And she’s black

My first memory of oppression came when I was in the second grade. I knew that I had brown skin, but my parents never discussed what the difference my skin would make. Their emphasis was always on getting good grades and being respectful. The only true difference my father use to say was that I was made to be a girl, and then there boys. We sleep, eat and cry the same but learn life lessons and experiences differently. Whatever you put your heart and mind to, you can achieve.

This particular day in class I learned that I was the only black student in my class. The way the teacher implied it was like she thought I already knew that fact. I can’t even remember what we were talking about in class only that she said “we’re white” while pointing towards me “and she’s black”. As everyone turned to look at me, I turned too and then realized she was pointing at me. My feelings hurt and confused, I thought is this better or worse than whom I was five minutes before this conversation began. I thought did I do something wrong as the entire class turned and stared when she simply stated “and she’s black” and why was being black different or important? I thought I was a pretty shade of brown, when did I become black? This was the first thing I mentioned to my mom when I got home. Both her and my father was livid.

In retrospect the teacher could have said more to make me feel less uncomfortable and discussed what similarities we shared. I don’t believe that her intention was to be malicious or prejudice, but at 7 years old I don’t believe I could make that judgement. The next day in class after a discussion with my parents and the principal, we did have another class discussion specifically about race and an apology was given. As educators of young children it is important to know their background and home life. It provides us with valuable information on what our students know and how to approach them without making them feel embarrassed or uncomfortable.

From that moment I learned two valuable lessons. First, I still needed to make good grades, give respect and earn respect. Secondly, the color of my skin had nothing to do with achieving the first.

5 thoughts on “And she’s black

  1. That’s awful, I grew up in a similar situation where I was the only person of color in my class and my whole school. I’d always feel alienated by my teachers more then by my peers, and would hope that now in this day and age teachers are better equipped with the ability to interact with diverse populations. “Unraveling our internalized privilege and internalized oppression frees us to be better teachers.” (Derman-Sparks & Edwards, 2010 p.27)

  2. I enjoyed reading your post.

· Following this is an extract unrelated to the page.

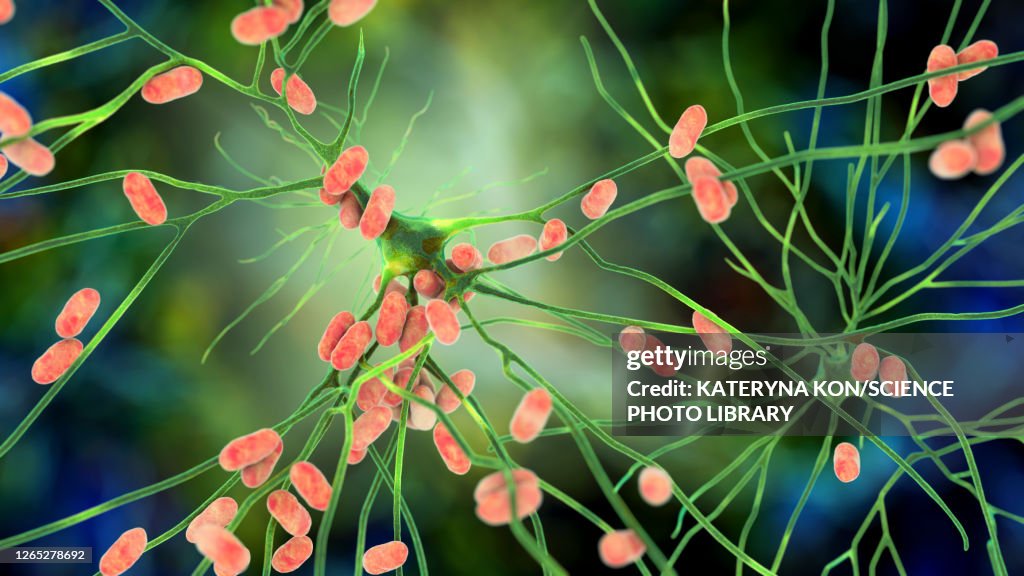 Bacterial encephalitis, illustration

I agree with you my question I opposed why do we as individual see the color of each others skin before, we see the person/persons. Why must society focus on the way we look or our ethnic background in order to be given the same opportunity to learn or be accepted in today’s society. I believe that your teacher had a issue with the color of your skin and so therefore she decided to includes other in which it happen to be your young classmates. She was very unprofessional and I truly believe that you did the right things by talking with your parents concerning this matter. I also believe the way it was handle was the right decision because the students were give a lesson on how we should accept and appreciate each others differences.

  3. I really enjoyed you post. I had experienced this type of behavior when I was younger. It didn’t make me feel good but I most certainly because aware of my race. What really disappoints me is that why do society chooses to see individual race first instead of getting to know the person. Just because a person is of a different race doesn’t mean they are incapable of being successful. I truly believe that your teacher had an issue with your race and therefore she decide to engaged others( classmates). However, I am glad to see that it was handle the way it was by your parents, and staff. At least the children was able to received a lesson about race. Thanks for sharing!!

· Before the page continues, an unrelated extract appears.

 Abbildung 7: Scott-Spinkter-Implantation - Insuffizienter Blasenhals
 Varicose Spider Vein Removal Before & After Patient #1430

  4. I really enjoy reading your post. It also reminded me of my experience as a child on race. I just wonder why in today’s society why do we as individuals always seems to acknowledge or notice a person race first. Instead of accepting the fact race does not play a role in how intelligent a person can be. I am glad to see that your parents and the principal handle this situation the way they did because you along with your classmates were able to received a lesson on acceptance. As for the teacher I truly believe that she had and issue with having to face something out of the norms for her. So therefore she thought it would be appropriate to express her feeling aloud. Either way she was wrong to involve her students with her issues and beliefs.

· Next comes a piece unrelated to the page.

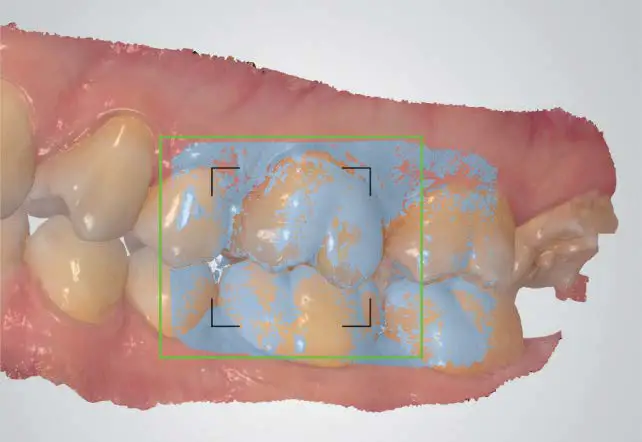 ResMed Narval CC Mandibular Advancement Device fig 4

  5. Wow, what a heartfelt post. I am so grateful that you had a support system that helped bring this issue to the table to be discussed. For children I believe it is ok to talk about differences, but it cannot be presented as an us vs. you or them situation. We all have things that make us difference. That is one of the most important things I have learned from this class. Our family culture and social identities make us all special and unique with individual assets to bring to a classroom, group, job, or community.